TV Shrink Provides Insights On Our Insecurities

When you write a blog about legal issues, your "beat" essentially is human dysfunction.

No doubt, a fair number of legal cases are generated by mistakes--someone accidentally does something that harms another person. But I would wager that a very large number are driven by sheer human meanness--cases where someone intentionally harms another.

What causes that kind of dysfunction? The longer I'm on this earth, the more I think life revolves around insecurities. Perhaps as a coping mechanism, I've tried to appreciate both the serious and the comic sides of insecurities.

We all have insecurities, of course. Those who generally treat others in an honorable fashion, I suspect, tend to deal with their insecurities in a healthy fashion. Those who mistreat other people--and other living beings, for that matter--probably do it out of an inability to deal with their insecurities.

I'm not sure if professionals would back me up on this. But I've had quite a bit of experience in being cheated over the past few years, and I've come to believe that some of the most destructive people you are likely to encounter are those who cannot keep their insecurities in check.

For purposes of this blog, we're generally not talking about people who are likely to do you immediate physical harm. We're talking about people who intentionally hurt others in the professional setting, who cause emotional, financial, and psychological destruction--and that, of course, eventually can lead to physical damage.
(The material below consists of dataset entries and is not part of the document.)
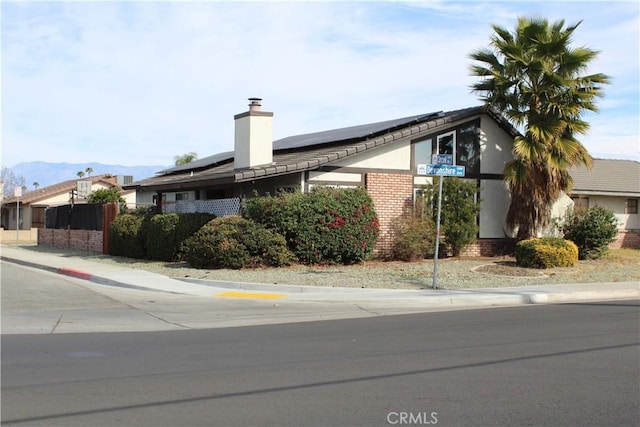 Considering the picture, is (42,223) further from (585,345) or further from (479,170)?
(585,345)

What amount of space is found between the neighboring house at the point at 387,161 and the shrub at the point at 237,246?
5.23 ft

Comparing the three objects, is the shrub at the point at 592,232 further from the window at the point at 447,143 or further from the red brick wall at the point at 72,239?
the red brick wall at the point at 72,239

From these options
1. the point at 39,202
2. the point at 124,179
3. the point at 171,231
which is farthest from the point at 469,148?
the point at 39,202

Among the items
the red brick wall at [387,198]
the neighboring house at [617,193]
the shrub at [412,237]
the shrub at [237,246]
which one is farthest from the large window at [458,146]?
the neighboring house at [617,193]

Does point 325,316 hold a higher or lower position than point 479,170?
lower

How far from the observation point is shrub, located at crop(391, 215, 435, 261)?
20.2 meters

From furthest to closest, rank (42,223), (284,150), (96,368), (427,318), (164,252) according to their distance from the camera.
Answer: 1. (42,223)
2. (284,150)
3. (164,252)
4. (427,318)
5. (96,368)

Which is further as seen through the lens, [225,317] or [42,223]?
[42,223]

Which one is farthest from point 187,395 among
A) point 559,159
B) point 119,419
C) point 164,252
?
point 559,159

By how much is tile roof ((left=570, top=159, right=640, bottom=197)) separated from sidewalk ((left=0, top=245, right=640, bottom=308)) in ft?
43.1

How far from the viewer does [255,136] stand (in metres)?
21.7

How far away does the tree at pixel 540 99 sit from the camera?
2081 cm

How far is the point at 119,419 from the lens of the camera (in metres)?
5.58

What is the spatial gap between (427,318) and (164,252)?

A book has been written about such people. It's called Snakes in Suits and focuses on people who exhibit psychopathic traits in the professional arena. If you are interested in what makes dangerous people tick, I highly recommend it.

Robert D. Hare co-wrote Snakes in Suits, and I highly recommend any of his books. He is an international authority on psychopathy, and trust me, you never know when you will need his insights.
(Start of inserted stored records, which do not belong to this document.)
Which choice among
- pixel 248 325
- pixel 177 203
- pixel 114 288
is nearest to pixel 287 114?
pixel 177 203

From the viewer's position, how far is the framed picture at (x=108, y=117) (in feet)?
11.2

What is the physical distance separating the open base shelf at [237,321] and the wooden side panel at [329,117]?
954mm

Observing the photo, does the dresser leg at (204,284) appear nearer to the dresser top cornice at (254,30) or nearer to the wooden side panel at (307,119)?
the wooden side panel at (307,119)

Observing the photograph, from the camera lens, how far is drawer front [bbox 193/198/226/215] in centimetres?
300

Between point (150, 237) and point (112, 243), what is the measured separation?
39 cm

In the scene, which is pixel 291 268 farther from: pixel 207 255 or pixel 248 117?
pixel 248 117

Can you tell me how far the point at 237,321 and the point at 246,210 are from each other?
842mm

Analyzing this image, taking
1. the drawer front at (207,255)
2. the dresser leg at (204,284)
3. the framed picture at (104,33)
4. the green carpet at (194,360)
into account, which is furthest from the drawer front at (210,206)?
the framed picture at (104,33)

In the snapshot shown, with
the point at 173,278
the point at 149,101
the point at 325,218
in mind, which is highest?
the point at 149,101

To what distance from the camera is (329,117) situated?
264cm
Obviously, we are dealing with a serious subject here. But what about the comic side of insecurities? For that, we turn to our TV favorite, Scrubs. In addition to being one of the funniest shows ever, Scrubs provides sharp observations on the human condition.

Some of our favorite episodes involve Molly Clock, a spacey psychiatrist played by the exceedingly fetching Heather Graham. Dr. Clock's own life shows signs of being a train wreck. But when it comes to observing others, she can be stunningly insightful.

For example, our gal Molly has an uncanny ability to discern the insecurities of others--especially when it comes to physical imperfections. What impact does this have on others? Well, let's check out this clip, which goes down as a Scrubs classic.

As someone who has a rather noticeable Adam's apple himself, this scene has always hit home for me. Just thinking about it makes me want to get out my turtleneck--even though it's July in Alabama.